26— la troisième métaphore est celle du chemin où se croisent ces deux conceptions de la création, permettant de considérer « l'écriture comme lieu de pulsion et de calcul ». « À la voie royale, à la marche inexorable vers le dénouement s'opposent des métaphores indiquant des chemins plus sinueux : bifurcations, fourvoiement, frayage, détours, retour en arrière, impasses, accidents, faux départs, fausse route. »

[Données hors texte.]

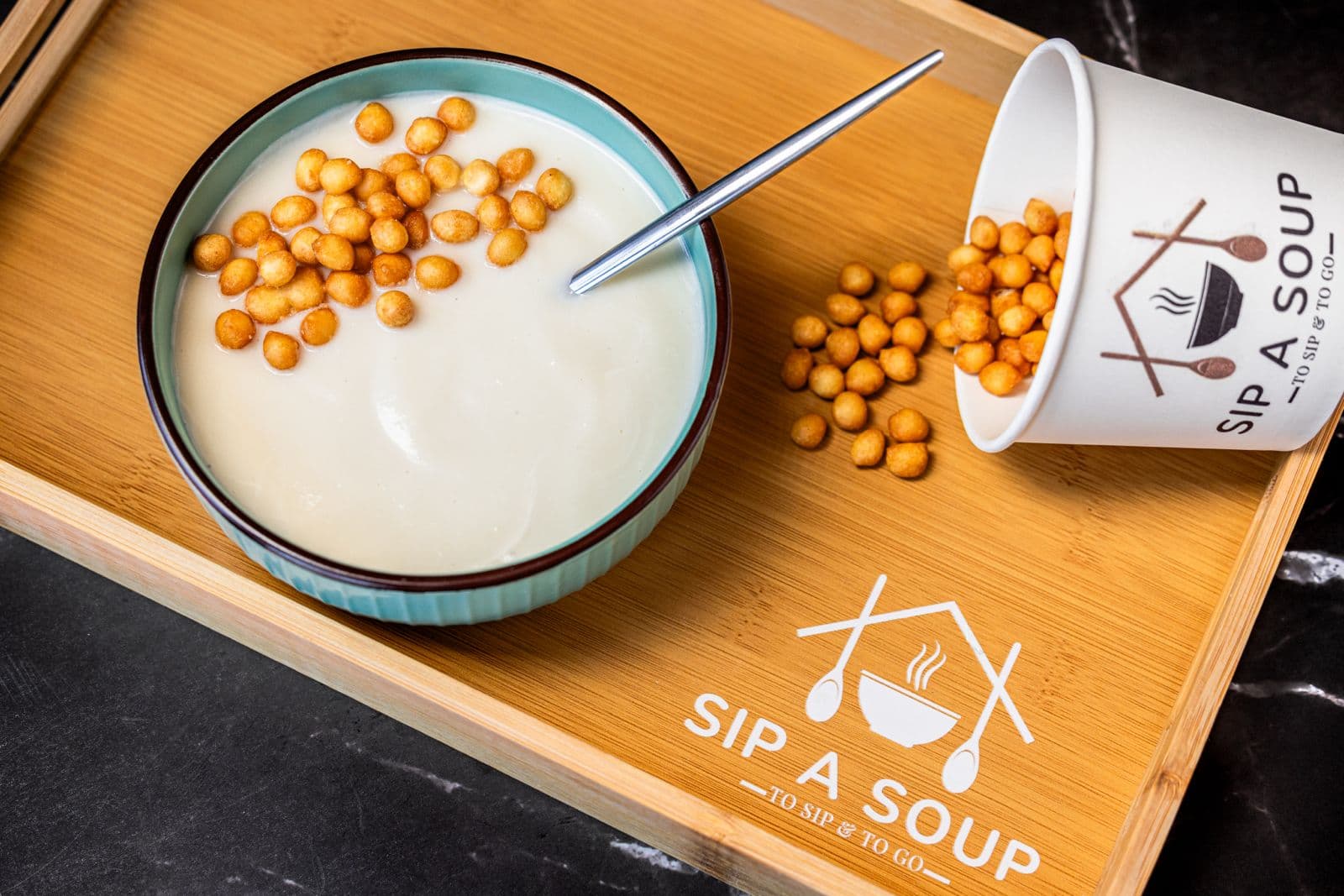 Sip a Soup 5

27Faisant appel à la réflexion scientifique, P. Willemart propose quant à lui d'utiliser le modèle des objets fractals : « un point qui est observé au microscope ou sous l'action d'un zoom fait voir une série d'autres structures comme si l'élément minimal de la géométrie euclidienne offrait une structure lisse qui efface les structures fractales. N'importe quel élément d'un texte publié ne pourrait-il pas être envisagé comme l'aboutissement des manuscrits qui camoufle les structures fractales présentes dans le manuscrit ? La syntaxe du texte publié ne dissimule-t-elle pas pudiquement ses dessous comme la robe la lingerie féminine ? » (p. 222)

28P. Willemart tente donc, dans Critique génétique: pratiques et théorie, de renouveler les études génétiques en élaborant de nouveaux concepts et de nouvelles images pour décrire le processus de création. « La littérature a une fois de plus démontré que, bien lue, elle enrichit, complète et dépasse ce que les sciences peuvent imaginer, que ce soit la psychanalyse et, ici, la morphodynamique. Cependant, les deux champs dialoguent puisque je n'aurais pas lu la Recherche de cette manière si je n'avais pas connu Petitot qui a été mon point de départ. N'est-ce pas une façon de dé-lire la littérature ? » (p. 82).